Os astrónomos utilizaram ambos os telescópios para observar o enxame de galáxias MACS-J0417.5-1154, que atua como uma lupa porque o enxame é tão massivo que deforma o tecido do espaço-tempo. Isto permite aos astrónomos verem mais pormenores em galáxias muito mais distantes atrás do enxame. No entanto, os mesmos efeitos gravitacionais que ampliam as galáxias também causam distorção, resultando em galáxias que aparecem espalhadas pelo céu em arcos e até aparecem várias vezes. A estas ilusões óticas no espaço chama-se lente gravitacional.
A galáxia vermelha revelada pelo Webb, juntamente com uma galáxia espiral com a qual está a interagir e que foi anteriormente detetada pelo Hubble, estão a ser ampliadas e distorcidas de uma forma invulgar, o que requer um alinhamento particular e raro entre as galáxias distantes, a lente e o observador – algo a que os astrónomos chamam uma lente gravitacional hiperbólica umbilical. Isto explica as cinco imagens do par de galáxias vistas na imagem do Webb, quatro das quais traçam o topo do ponto de interrogação. O ponto do ponto de interrogação é uma galáxia não relacionada que, por acaso, está no sítio e no espaço-tempo certos, da nossa perspetiva.
Para além de produzir um estudo de caso da capacidade do instrumento NIRISS (Near-Infrared Imager and Slitless Spectrograph) do Webb para detetar locais de formação estelar numa galáxia a milhares de milhões de anos-luz de distância, a equipa de investigação também não resistiu a destacar a forma do ponto de interrogação. “Isto é incrível. Foi por causa de imagens espantosas como esta que me interessei pela astronomia quando era jovem”, disse o astrónomo Marcin Sawicki da Universidade de Saint Mary, um dos principais investigadores da equipa.
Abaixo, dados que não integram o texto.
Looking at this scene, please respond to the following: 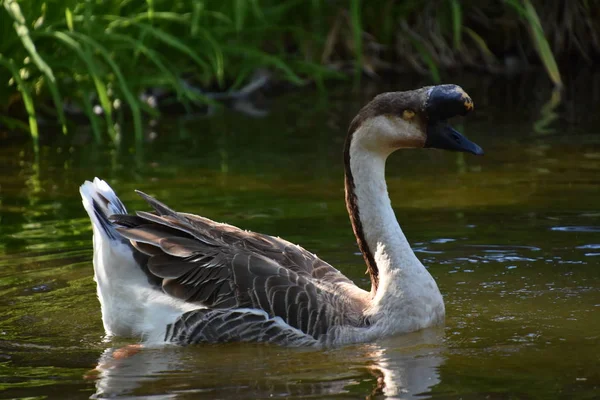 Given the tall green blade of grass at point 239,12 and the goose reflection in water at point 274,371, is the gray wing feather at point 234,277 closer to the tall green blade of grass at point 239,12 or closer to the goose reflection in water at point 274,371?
the goose reflection in water at point 274,371

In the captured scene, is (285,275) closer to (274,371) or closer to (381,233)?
(381,233)

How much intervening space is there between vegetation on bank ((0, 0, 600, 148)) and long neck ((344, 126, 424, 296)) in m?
4.70

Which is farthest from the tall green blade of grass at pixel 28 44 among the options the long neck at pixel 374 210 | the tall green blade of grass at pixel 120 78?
the long neck at pixel 374 210

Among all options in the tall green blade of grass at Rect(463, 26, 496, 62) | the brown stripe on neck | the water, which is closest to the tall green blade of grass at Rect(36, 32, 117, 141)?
the water

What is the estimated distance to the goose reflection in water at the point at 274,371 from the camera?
16.9 ft

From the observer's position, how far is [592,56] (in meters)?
17.3

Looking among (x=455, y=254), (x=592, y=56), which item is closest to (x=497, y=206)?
(x=455, y=254)

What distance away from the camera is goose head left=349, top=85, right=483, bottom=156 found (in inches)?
241

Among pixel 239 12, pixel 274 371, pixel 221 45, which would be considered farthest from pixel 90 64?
pixel 274 371

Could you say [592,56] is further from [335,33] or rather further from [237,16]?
[237,16]

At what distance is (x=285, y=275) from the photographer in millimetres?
6113

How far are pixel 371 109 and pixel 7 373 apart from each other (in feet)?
7.54

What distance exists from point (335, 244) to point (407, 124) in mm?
2029

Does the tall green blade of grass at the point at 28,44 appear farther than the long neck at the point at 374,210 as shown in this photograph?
Yes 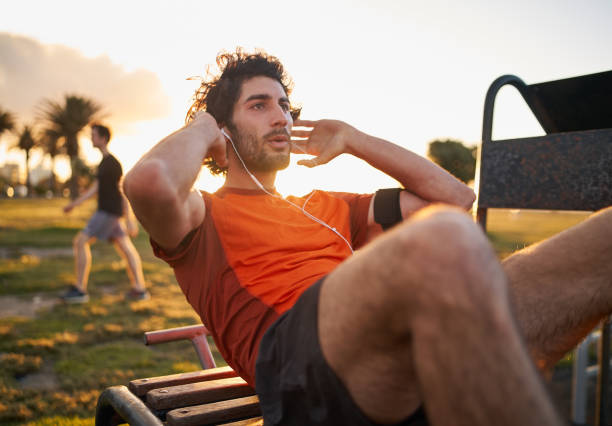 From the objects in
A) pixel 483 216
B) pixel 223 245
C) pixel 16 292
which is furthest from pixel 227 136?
pixel 16 292

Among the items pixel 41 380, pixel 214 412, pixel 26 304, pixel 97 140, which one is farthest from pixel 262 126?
pixel 26 304

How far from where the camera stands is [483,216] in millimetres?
2186

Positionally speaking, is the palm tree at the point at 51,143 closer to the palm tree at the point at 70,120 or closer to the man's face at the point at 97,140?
the palm tree at the point at 70,120

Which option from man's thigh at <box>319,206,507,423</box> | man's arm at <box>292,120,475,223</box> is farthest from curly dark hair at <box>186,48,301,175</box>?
man's thigh at <box>319,206,507,423</box>

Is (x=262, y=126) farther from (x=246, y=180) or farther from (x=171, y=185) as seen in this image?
(x=171, y=185)

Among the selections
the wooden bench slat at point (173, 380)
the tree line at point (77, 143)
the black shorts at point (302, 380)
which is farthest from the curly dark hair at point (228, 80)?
the tree line at point (77, 143)

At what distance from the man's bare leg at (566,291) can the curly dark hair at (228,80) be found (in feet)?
5.95

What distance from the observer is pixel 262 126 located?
2559mm

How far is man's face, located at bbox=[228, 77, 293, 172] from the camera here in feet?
8.12

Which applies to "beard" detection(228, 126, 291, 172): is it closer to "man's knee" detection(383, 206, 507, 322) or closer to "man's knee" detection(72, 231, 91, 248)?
"man's knee" detection(383, 206, 507, 322)

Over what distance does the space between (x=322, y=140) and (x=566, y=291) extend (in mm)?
1438

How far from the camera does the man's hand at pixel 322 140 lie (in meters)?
2.36

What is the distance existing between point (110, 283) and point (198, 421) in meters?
6.45

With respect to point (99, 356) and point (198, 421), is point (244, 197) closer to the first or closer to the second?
point (198, 421) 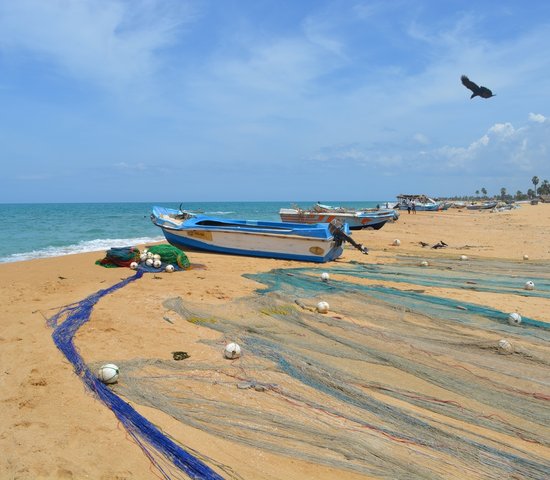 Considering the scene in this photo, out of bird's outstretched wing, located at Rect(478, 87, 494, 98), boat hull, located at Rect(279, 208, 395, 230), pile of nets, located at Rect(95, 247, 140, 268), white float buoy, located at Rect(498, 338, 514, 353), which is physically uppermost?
bird's outstretched wing, located at Rect(478, 87, 494, 98)

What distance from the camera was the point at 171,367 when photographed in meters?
4.39

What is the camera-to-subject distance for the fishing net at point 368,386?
121 inches

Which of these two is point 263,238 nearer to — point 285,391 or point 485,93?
point 485,93

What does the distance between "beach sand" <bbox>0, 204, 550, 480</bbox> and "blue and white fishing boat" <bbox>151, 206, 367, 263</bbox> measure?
475 cm

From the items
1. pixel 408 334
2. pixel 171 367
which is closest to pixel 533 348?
pixel 408 334

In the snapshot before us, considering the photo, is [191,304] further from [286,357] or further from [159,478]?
[159,478]

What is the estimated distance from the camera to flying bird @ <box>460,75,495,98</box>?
8.36 m

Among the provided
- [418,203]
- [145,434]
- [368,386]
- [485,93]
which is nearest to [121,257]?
[145,434]

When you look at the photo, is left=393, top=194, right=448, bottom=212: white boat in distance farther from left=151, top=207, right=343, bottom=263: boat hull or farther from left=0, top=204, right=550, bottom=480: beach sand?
left=0, top=204, right=550, bottom=480: beach sand

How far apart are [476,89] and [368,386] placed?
7127mm

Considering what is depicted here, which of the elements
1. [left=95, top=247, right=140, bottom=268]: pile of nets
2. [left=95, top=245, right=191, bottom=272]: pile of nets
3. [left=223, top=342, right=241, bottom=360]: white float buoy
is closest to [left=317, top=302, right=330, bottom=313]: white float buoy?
[left=223, top=342, right=241, bottom=360]: white float buoy

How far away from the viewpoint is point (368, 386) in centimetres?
406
“Saber quando, onde e como ocorre a formação estelar nas galáxias é crucial para compreender como as galáxias evoluíram ao longo da história do Universo”, disse o astrónomo Vicente Estrada-Carpenter da Universidade de Saint Mary, que usou os dados ultravioleta do Hubble e infravermelhos do Webb para mostrar onde se estão a formar novas estrelas nas galáxias. Os resultados mostram que a formação estelar é generalizada em ambas. Os dados espetrais também confirmaram que a galáxia poeirenta recém-descoberta está localizada à mesma distância que a galáxia espiral vista de face, e é provável que estejam a começar a interagir.
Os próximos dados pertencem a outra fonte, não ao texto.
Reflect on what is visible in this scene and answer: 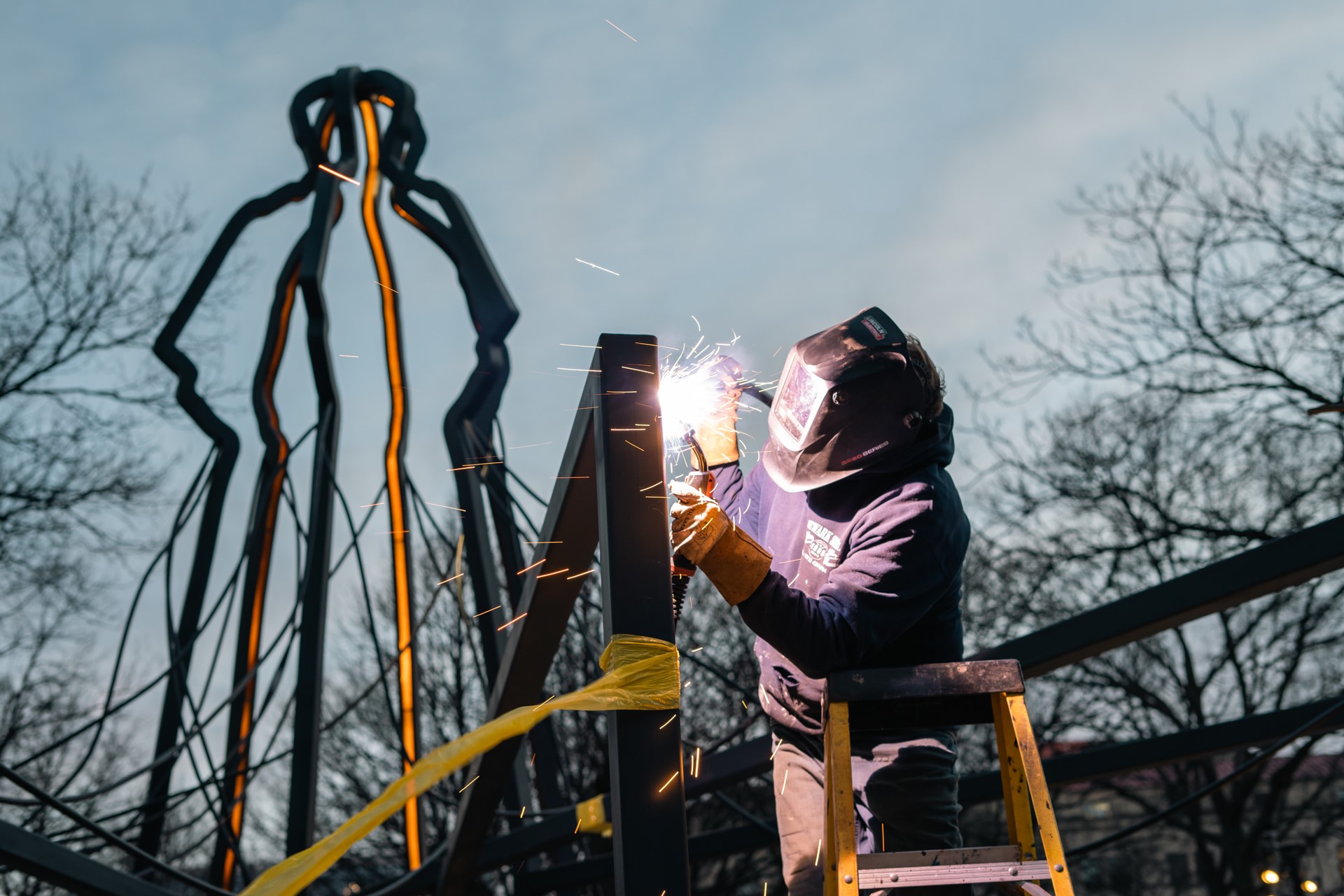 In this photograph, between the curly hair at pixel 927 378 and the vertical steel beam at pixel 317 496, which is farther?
the vertical steel beam at pixel 317 496

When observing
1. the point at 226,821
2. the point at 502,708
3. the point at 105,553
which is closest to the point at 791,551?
the point at 502,708

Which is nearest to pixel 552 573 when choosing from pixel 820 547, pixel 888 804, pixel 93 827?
pixel 820 547

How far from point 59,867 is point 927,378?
9.45 ft

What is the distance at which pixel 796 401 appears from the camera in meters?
2.48

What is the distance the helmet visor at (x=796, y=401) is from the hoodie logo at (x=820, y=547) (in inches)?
9.5

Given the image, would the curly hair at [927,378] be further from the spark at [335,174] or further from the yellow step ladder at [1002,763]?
the spark at [335,174]

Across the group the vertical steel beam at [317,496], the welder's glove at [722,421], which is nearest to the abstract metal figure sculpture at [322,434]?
the vertical steel beam at [317,496]

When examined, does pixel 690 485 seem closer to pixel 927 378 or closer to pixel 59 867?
pixel 927 378

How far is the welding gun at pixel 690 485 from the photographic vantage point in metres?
2.29

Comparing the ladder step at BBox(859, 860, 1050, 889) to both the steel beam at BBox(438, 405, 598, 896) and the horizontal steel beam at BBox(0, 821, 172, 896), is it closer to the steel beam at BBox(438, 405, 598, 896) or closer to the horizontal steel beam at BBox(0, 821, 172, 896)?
the steel beam at BBox(438, 405, 598, 896)

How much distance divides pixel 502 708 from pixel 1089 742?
42.3ft

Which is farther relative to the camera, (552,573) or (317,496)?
(317,496)

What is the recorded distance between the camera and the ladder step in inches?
73.0

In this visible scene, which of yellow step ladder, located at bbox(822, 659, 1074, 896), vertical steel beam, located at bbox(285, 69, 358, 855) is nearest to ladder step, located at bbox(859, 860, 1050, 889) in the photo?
yellow step ladder, located at bbox(822, 659, 1074, 896)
“Ambas as galáxias do par ‘ponto de interrogação’ mostram formação estelar ativa em várias regiões compactas, provavelmente resultado da colisão do gás das duas galáxias,” disse Estrada-Carpenter. “No entanto, a forma de nenhuma das galáxias parece muito perturbada, pelo que provavelmente estamos a ver o início da sua interação.”
“Estas galáxias, vistas há milhares de milhões de anos, quando a formação estelar estava no seu auge, são semelhantes à massa que a Via Láctea teria nessa altura. O Webb está a permitir-nos estudar como teria sido a adolescência da nossa própria Galáxia,” disse Sawicki.
As imagens e os espetros do Webb utilizados nesta investigação provêm do levantamento CANUCS (Canadian NIRISS Unbiased Cluster Survey). O trabalho de investigação foi publicado na revista Monthly Notices of the Royal Astronomical Society.